The new keyword is used to tell the interpreter that we want to create a new object instance.
In the previous example, every time we called the Person constructor, we created a new greeting function. This isn't ideal behaviour, and we'll learn how to solve it later.
Generic objects also have a constructor, which generates an empty object.
// CREATING AN EMPTY OBJECT AND ADDING PROPERTIES
const person = new Object(); // {}
person.name = 'Paul';
person.age = 54;
// PASSING AN OBJECT LITERAL AS ARGUMENT
let person1 = new Object({
name: 'Paul',
age: 54
});
JavaScript is a prototype-based language.
Prototypes are the mechanism by which JS objects inherit features from one another.
To provide inheritance, objects can have a prototype object, which acts as a template object that it inherits methods and properties from.
An object's prototype object may also have a prototype object, which it inherits methods and properties from, and so on.
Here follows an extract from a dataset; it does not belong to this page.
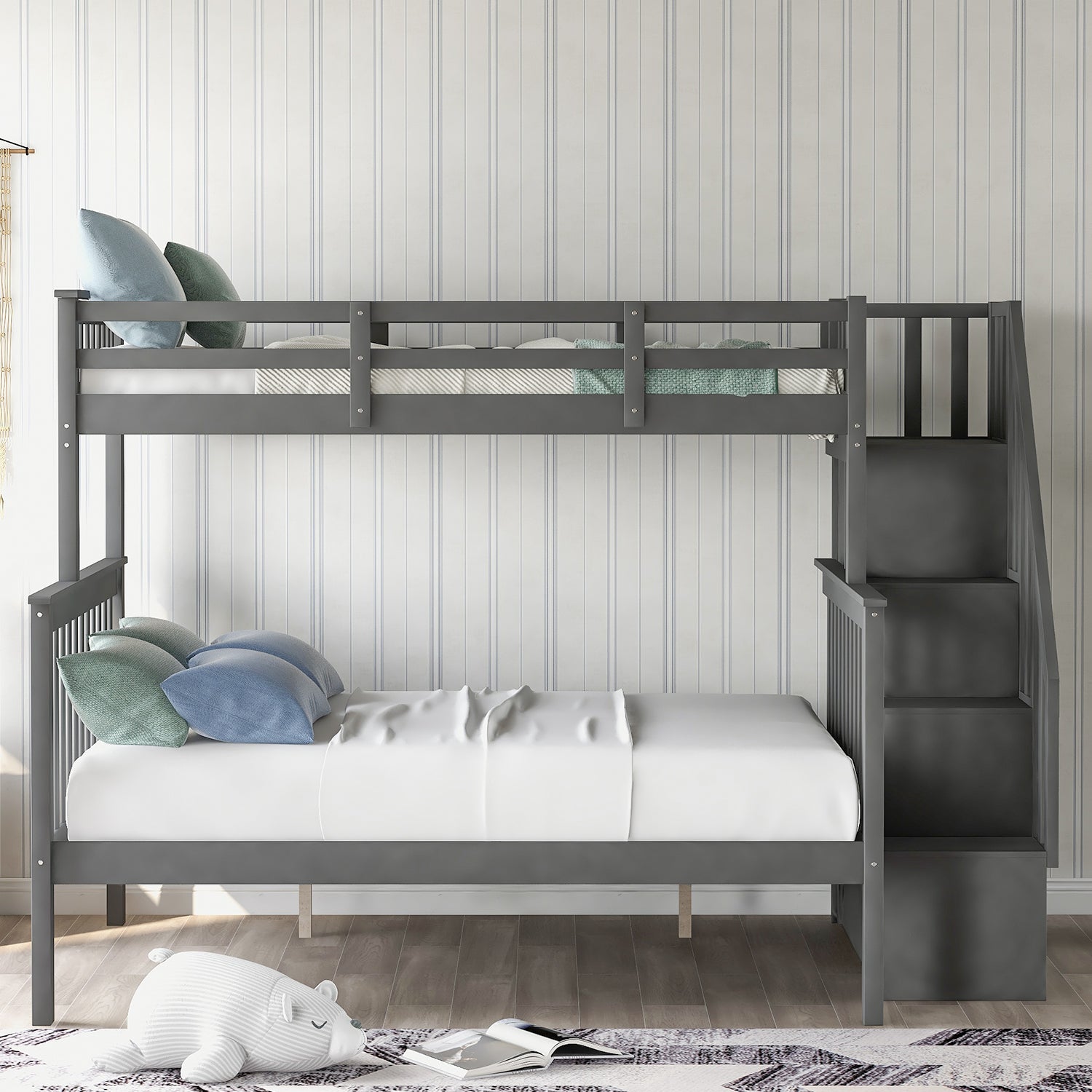 Royard Oaktree Twin-Over-Full Bunk Bed with Storage Stairway and Guard Rail Wood Bunk Bed Frame with Headboard and Footboard, Wood Slats, No Box Spring Needed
This is often referred to as a prototype chain.
An objects prototype is accessible via two ways:
Constructor functions also have access to a prototype property.
This property, despite its name, does NOT represent the function's prototype.
In a constructor function, the prototype property represents the blueprint for instances created from said function.
Prototypal Inheritance is based on a delegation mechanism in which non-existent properties are looked up in prototype objects.
function Person(first, last, age) {
this.name = {
first,
last
};
this.age = age;
this.breathe = function () {
console.log('*breathing noises*');
}
}
const arnold = new Person('Arnold', 'Schwarzenegger', 74);
arnold.breathe(); // available from the instance itself
console.log(arnold.valueOf()); // where does valueOf come from?
Prototype Chain
Remember this problem?
Every time we create a new Person object, we're creating a new breathe() function. Considering that every Person object breathes the same way, there mus be a better way to do it.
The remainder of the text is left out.